Trump exploited the real frustrations of many people with the ACA — frustrations that were largely the result of Republican intransigence that prevented the inclusion of a public option, blocked any legislative fixes and precluded Medicaid expansion in many states. He implicitly promised that a replacement plan would do more.

When Trump stated on February 27 that “nobody knew health care could be so complicated,” he was in effect signaling that the bait phase of his con was over and he was moving on to the switch. Now he has dropped the extravagant promises and has joined the House Republican rush to enact a repeal and replace plan supposedly made urgent by the imminent collapse of Obamacare.

The House legislation has not yet been officially scored by the Congressional Budget Office, but it is widely anticipated that it will result in a loss of coverage for millions of people and sharp increases in premiums for many of those who hold onto their plans.

Yet there is another issue that is receiving less attention: the quality of coverage for those who remain in the individual marketplace. For now, the Republican plan retains the ACA’s list of essential benefits (preventive care, etc.) that must be included in any individual or small group plan, but it is possible that could be bargained away to placate social conservatives who don’t like the provisions relating to reproductive health.

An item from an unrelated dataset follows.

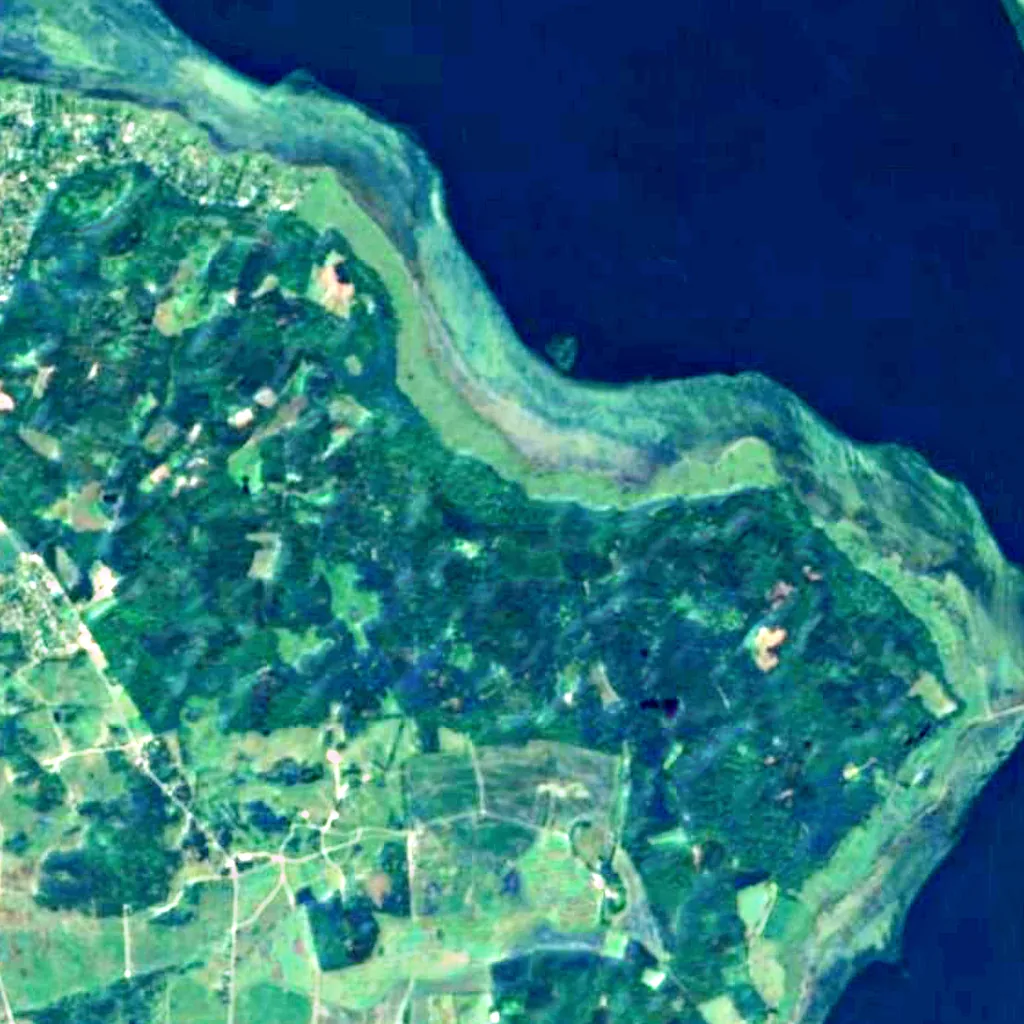 Storkeegen seen from above (Sentinel-2)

Trumpcare does not, however, include the ACA’s cost-sharing provisions that cap out-of-pocket expenses in plans obtained through the exchanges by persons with income below 250 percent of the federal poverty line. As a result, these people could very well be subjected to sharply higher deductibles and co-pays.

This points to the little-acknowledged aspect of the assault on the ACA: at the heart of the Republican “solution” to rising premiums is giving people the ability to purchase lower-cost but substandard coverage. In other words, they want to return to the pre-ACA situation in which insurers could sell bare-bones policies that provided little or no cost reimbursement except in cases of major illnesses or accidents — and might be skimpy in those situations as well.

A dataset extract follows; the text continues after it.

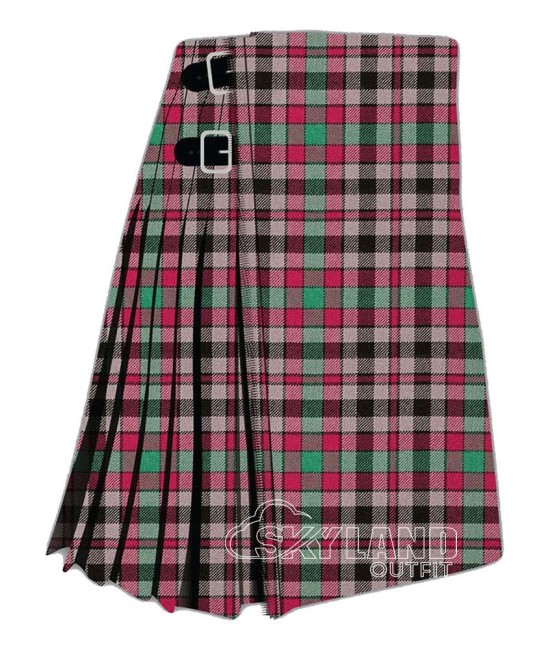 Borthwick Ancient Tartan 8 Yard Scottish Kilt | Traditional Highlander Kilts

It is significant that Republicans keep quoting Aetna CEO Mark Bertolini in perpetuating the bogus claim that the ACA is in a “death spiral.” Bertolini is hardly an objective observer. He used misleading negative comments about the ACA to try to deter the Obama Administration from its opposition to Aetna’s anti-competitive acquisition of its rival Humana, which was recently blocked by a federal judge who accused the company of dropping out of the ACA marketplace in several states to “improve its litigation position” in the merger dispute.

Aetna is also the company that was one of the biggest promoters of bare-bones policies in the pre-ACA period. It got into the business, also known as junk health insurance, two decades ago through the purchase of U.S. Healthcare, an HMO whose bare-knuckles practices Aetna adopted in full and thus found itself the target of a series of class-action lawsuits brought by patients as well as providers.

The substandard policies sold by Aetna made up a substantial portion of the plans that were banned by the ACA. The people who had to give up that “coverage” became symbols of the supposed oppression of Obamacare.

Although they try hard to hide the fact, Republicans — and now Trump — are setting the stage for a resurgence of the bare-bones policies under the banner of affordability. That will be catastrophic coverage in every sense of the word.